__Task directions__: For the material below, output exactly the span from the line with "duell mit ungleichen" to the line with "上海女排|上海女排5人聚会！张磊与金软景亲密合照，拉尔森张开大嘴巴搞怪", including both, and nothing besides.

__Dataset__:
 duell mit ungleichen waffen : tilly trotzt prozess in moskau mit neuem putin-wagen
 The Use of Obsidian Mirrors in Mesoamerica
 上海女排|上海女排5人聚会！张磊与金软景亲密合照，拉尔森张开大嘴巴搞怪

* * *

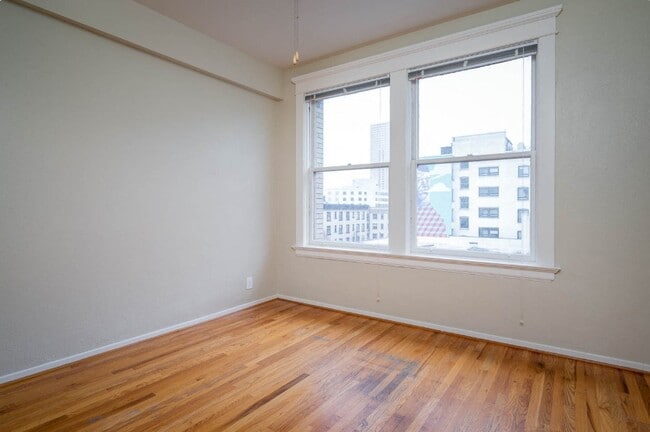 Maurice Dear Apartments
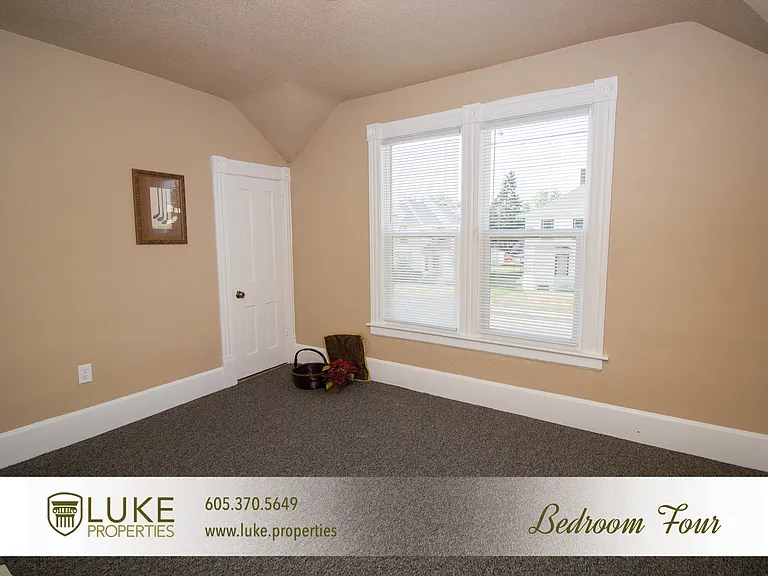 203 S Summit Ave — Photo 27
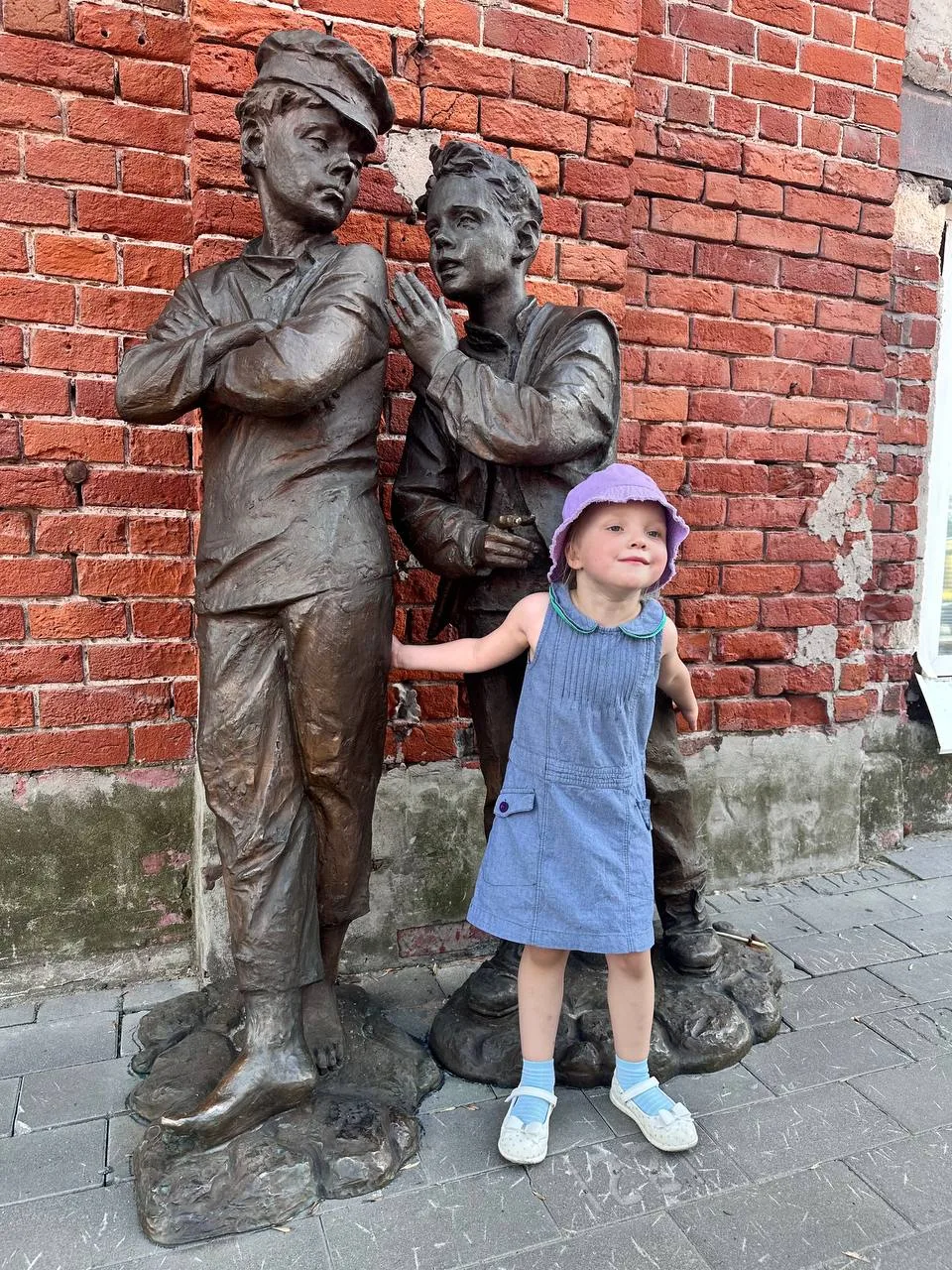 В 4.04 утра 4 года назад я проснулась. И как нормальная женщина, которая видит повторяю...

__Answer box__:
 duell mit ungleichen waffen : tilly trotzt prozess in moskau mit neuem putin-wagen
 The Use of Obsidian Mirrors in Mesoamerica
 上海女排|上海女排5人聚会！张磊与金软景亲密合照，拉尔森张开大嘴巴搞怪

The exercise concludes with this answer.